On December 1, 2007, my daughter, Kimberly, was baptized into the Church of Jesus Christ of Latter Day Saints - a decision that has changed her life and the quality of her life for the better.  I am so proud of her for opening her heart and mind to the Lord and committing to His word. 

I've been thinking a lot lately about my own walk with the Lord.  I have a very personal relationship with Him.  I pray daily.  I talk to Him daily and sometimes multiple times a day.  I know He walks with me and beside me and carries me when I need the grace of His arms and spirit surrounding me.  It is this personal walk with the Lord that has kept me grounded for many years and carries me through these difficult times that our family now faces with Bob being out of work.  I have faith. 

It is my faith that strengthens me.  It is my faith that reminds me that it is my choice how I wake up in the morning - weary, worried, or happy and grateful!  I prefer the latter.  It isn't always easy, but I do try to put my best self forward each day.  I thank the Lord daily for my blessings.  I have so many. Still, I know there is more that I can do.
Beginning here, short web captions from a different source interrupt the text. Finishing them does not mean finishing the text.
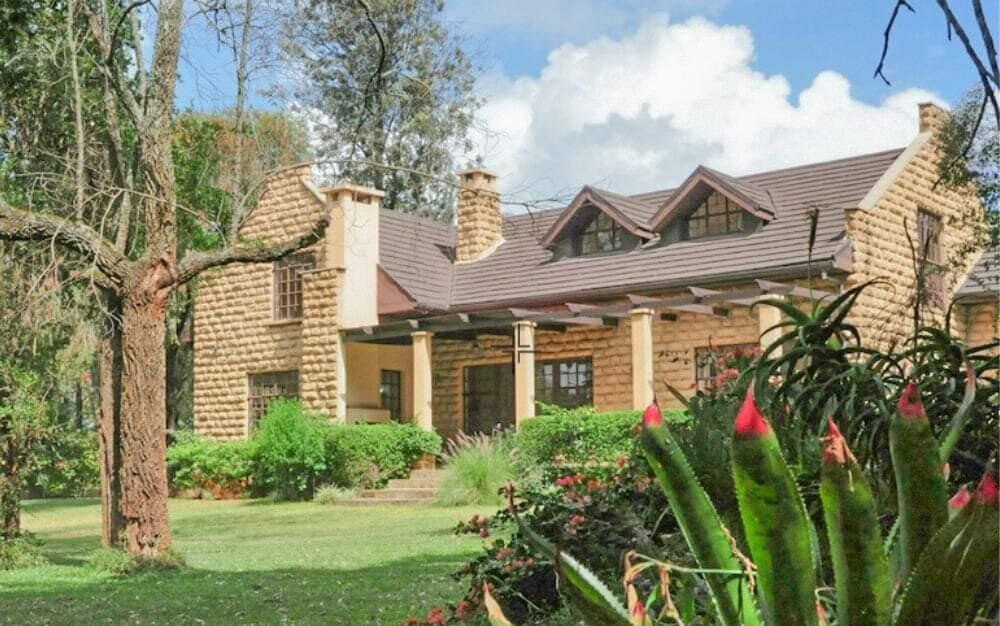 Rustic 5BR Home on 0.75-Acre Garden – Karen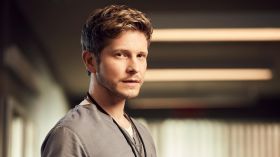 Rezydenci (2018) Serial TV - The Resident 013 Matt Czuchry jako Dr Conrad Hawkins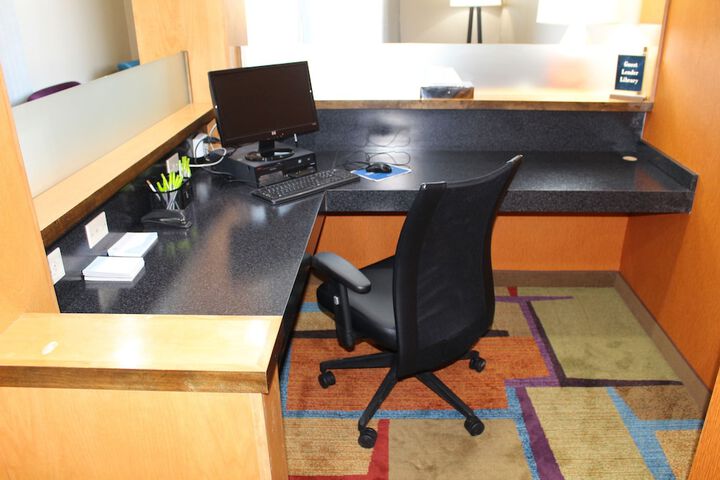 Business Center 100 of 104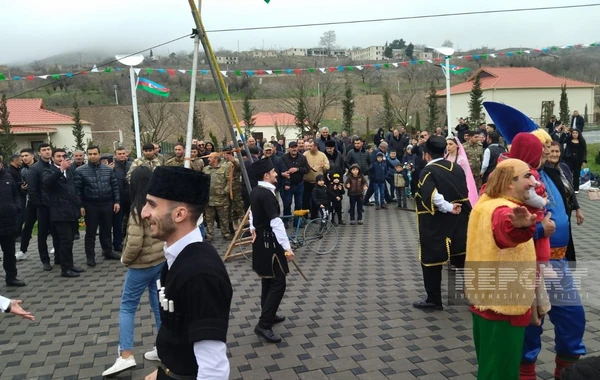 Talış kəndində bayram konserti keçirilir - FOTOREPORTAJ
Well, Kimberly sent me a video and said that it was one that she wanted to share - one that made her cry.  It was important to her.  A split second after I clicked "play" my heart sank.  I knew that voice.  I knew that story.  I knew the young woman in the video - Stephanie Nielson of NieNie Dialogues.  She is a blogging friend and someone that I admire greatly.
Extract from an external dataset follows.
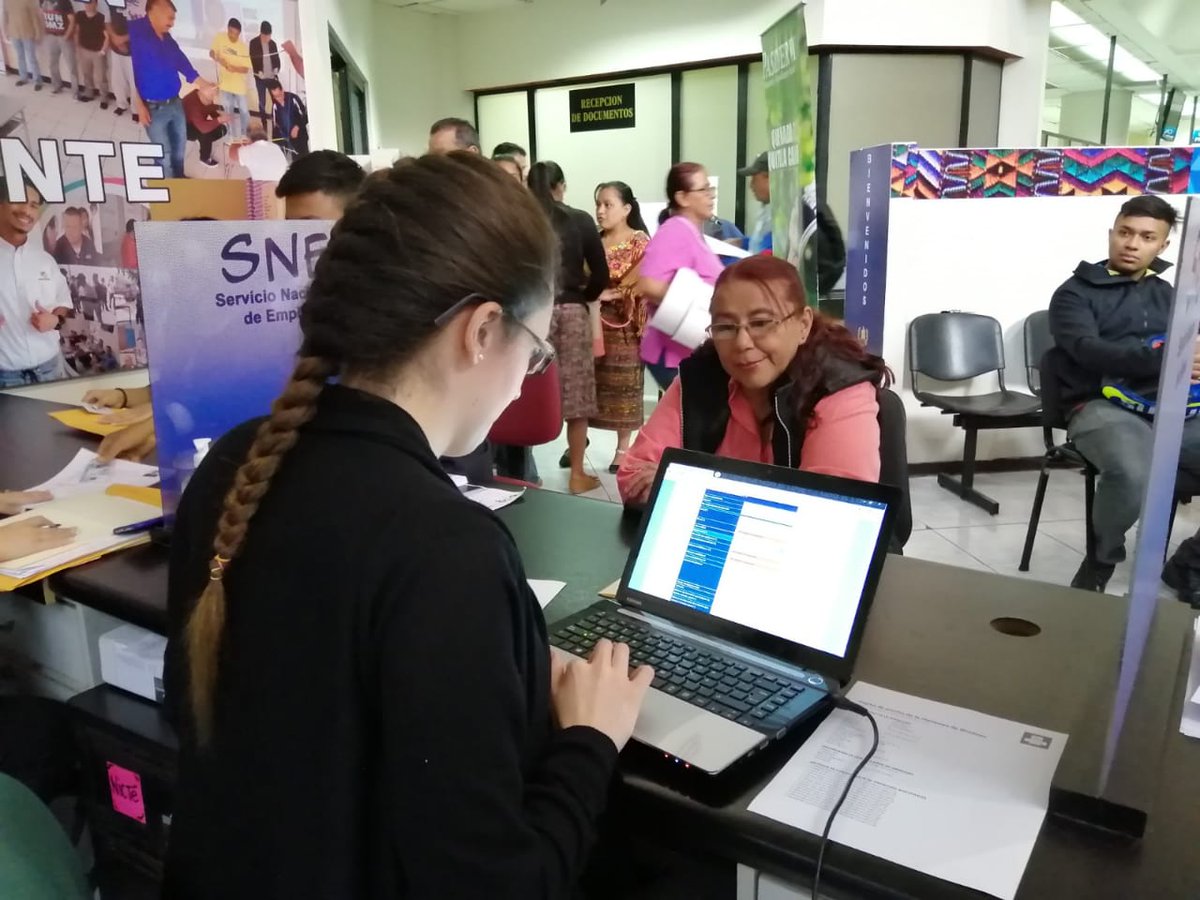 MINTRABAJOGuate's tweet photo. El Servicio Nacional de Empleo realiza hoy el #KioscoDeEmpleo de la empresa #Infasa que ofrece #PlazasLaborales para piloto, contador, supervisores, entre otras. ¡Te esperamos hasta las 17:00 horas! 👍 https://t.co/jks9lvuddA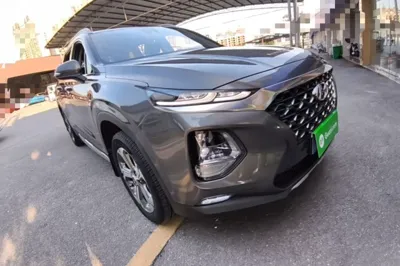 Hyundai Santa Fe 2019, 17700 км, за 14316 USD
Stephanie's story is a sad one.  She and her husband, Christian, live in Utah, and are the parents of 4 active little ones.  One summer day in August, 2008, they were involved in a plane crash.  The blogsphere went nuts and we all came together to help this couple that so many of us had come to love over the years through Stephanie's blog.  We sent cards and letters and during that time, Stephanie's sisters and husband, who had also been injured, but not as seriously as Steph, kept her blog going.  They wrote posts that let us know how she was doing and how the recovery was going.

It was a long time before Stephanie came back online, but when she did, there was a celebration of sorts from everyone.  You see, Steph has a voice, but it isn't just any voice, she has a heart of gold and a tender, loving, thoughtful voice that resonates in every one of her posts.  She is a special soul and I am proud to call her my blogging friend.

Kimberly sent me this video, not knowing that I already knew of Stephanie and her plight ... miracles happen every day ...





I do believe the Lord is speaking to me somehow, through my daughter, my friends, my family, and I'm listening.  It is the message that is the most important.  We need to listen to those messages when they come our way.  We need to pray about them and reflect on them. 

No matter what happens in this life, I have faith that it will all turn out well.  I hope you do too.